At the HIMSS (Healthcare Information Management Systems Association) conference in Helsinki the other day, the breadth of digital solutions that promise healthcare transformation was outstanding. While digital tools have enabled us to do more at less cost in many areas, the healthcare world is still heavily influenced by Baumol’s cost disease (the cost structure of labor-intensive industries). is recieving.

In response, a recent project at the University of Twente in the Netherlands points out that in order for health care to truly benefit from digitalization, it needs to take a different approach to change.

“Digitalization isn’t just about using technology. Above all, it requires a different way of working, which requires vision, guts, and leadership,” researchers say.

Digital care

Digital healthcare has the potential to be non-negligible, such as the realization of personalized medical care and the reduction of the workload of preventive medical care that can curb rising medical costs. In departments that are almost always busy to the limit, the ability to absorb new technologies is often a limiting factor even before the pandemic exacerbates the problem.

Researchers have searched both the literature and practice to find ways to improve things and accelerate digitization in this area. At the heart of the recommendations is the government’s more active role in driving digitalization, and long-term policies are needed to get the process of change on track. The basis for this is the change in the way people work in the healthcare field.

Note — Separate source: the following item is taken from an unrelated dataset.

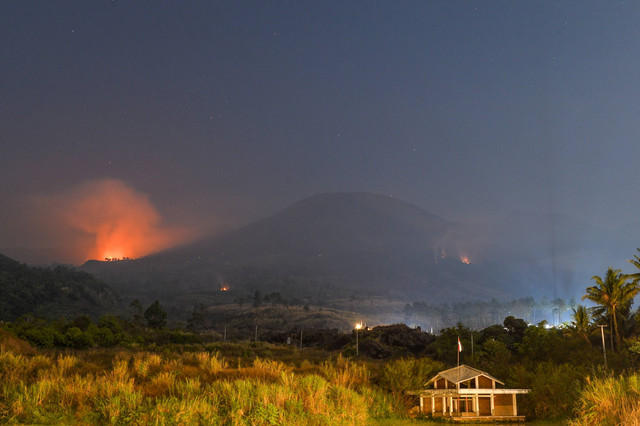 Lansekap hutan yang terbakar di Gunung Guntur terlihat dari Kawasan Cipanas, Kabupaten Garut, Jawa Barat, Selasa (20/8/2024). Foto: Raisan Al Farisi/ANTARA FOTO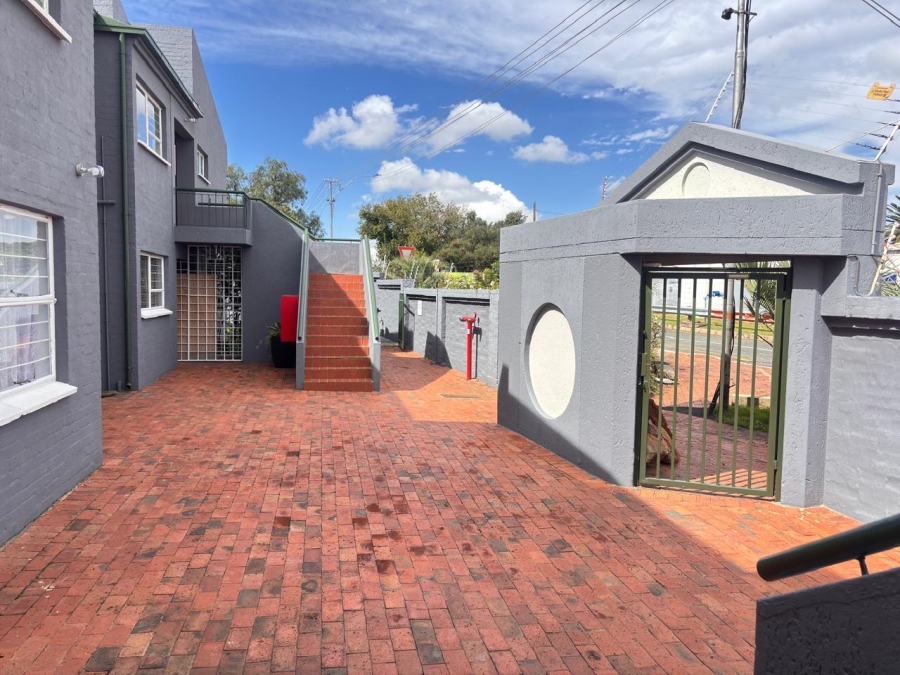 2 Bedroom Property for Sale in Townsview Gauteng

“What we need to change is how we use human resources,” says researchers. “In addition to healthcare professionals, we need to utilize specialists and data analysts with technical and medical backgrounds.”

Supporting innovation

Researchers argue that an important starting point is to prevent healthcare institutions from seeing digitization as a cost-cutting tool above all else. Researchers think that when digitization is considered in the context of cost reduction, it is not clear how costs can be recovered and it is difficult for healthcare institutions to justify their investment in digitalization. Will end up. This discourages experimentation and innovation.

In addition, there are considerable problems in terms of interoperability, there are few systems that are linked, and it seems that effective information exchange has not been possible. The introduction of electronic medical records is a well-known example of problems in cooperation between systems in the process of digitization. Fragmented healthcare systems often lead organizations on their own path, further hampering interoperability.